▶ **DATA SHOWN**
==================================================

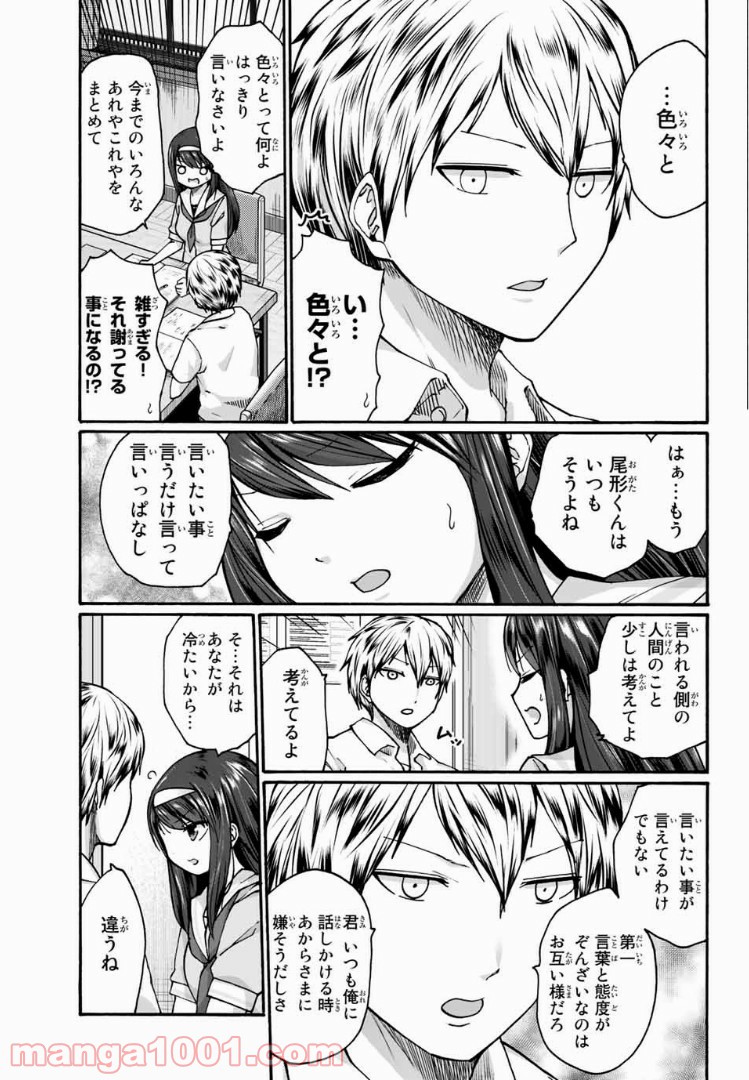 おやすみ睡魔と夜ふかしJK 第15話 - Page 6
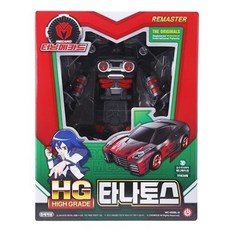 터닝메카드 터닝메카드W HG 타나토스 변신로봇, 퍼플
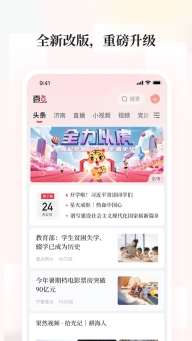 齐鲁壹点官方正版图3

==================================================

▶ **WORK ITEM**
Return all the lines above exactly; none of the pictures should appear.

▶ **RESPONSE BOX**
 おやすみ睡魔と夜ふかしJK 第15話 - Page 6
 터닝메카드 터닝메카드W HG 타나토스 변신로봇, 퍼플
 齐鲁壹点官方正版图3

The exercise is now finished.